Abstract

Physisorption of N(2), O(2), and CO was studied on fully oxidized TiO(2)(110) using beam reflection and temperature-programmed desorption (TPD) techniques. Sticking coefficients for all three molecules are nearly equal (0.75 +/- 0.05) and approximately independent of coverage suggesting that adsorption occurs via a precursor-mediated mechanism. Excluding multilayer coverages, the TPD spectra for all three adsorbates exhibit three distinct coverage regimes that can be interpreted in accord with previous theoretical studies of N(2) adsorption. At low coverages (0-0.5 N(2)/Ti(4+)), N(2) molecules bind head-on to five-coordinated Ti(4+) ions. The adsorption occurs preferentially on the Ti(4+) sites that do not have neighboring adsorbates. This arrangement minimizes the repulsive interactions between the adsorbed molecules along the Ti(4+) rows resulting in a relatively small shift of the TPD peak (105 --> 90 K) with increasing coverage.

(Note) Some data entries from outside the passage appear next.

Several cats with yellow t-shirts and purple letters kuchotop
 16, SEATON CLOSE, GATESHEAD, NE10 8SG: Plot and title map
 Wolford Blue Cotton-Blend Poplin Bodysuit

At higher N(2) coverages (0.5-1.0 N(2)/Ti(4+)) the nearest-neighbor Ti(4+) sites become occupied. The close proximity of the adsorbates results in strong repulsion thus giving rise to a significant shift of the TPD leading edges (90 --> 45 K) with increasing coverage. For N(2)/Ti(4+) > 1, an additional low-temperature peak (approximately 43 K) is present and is ascribed to N(2) adsorption on bridge-bonded oxygen rows. The results for O(2) and CO are qualitatively similar. The repulsive adsorbate-adsorbate interactions are largest for CO, most likely due to alignment of CO dipole moments. The coverage-dependent binding energies of O(2), N(2), and CO are determined by inverting TPD profiles.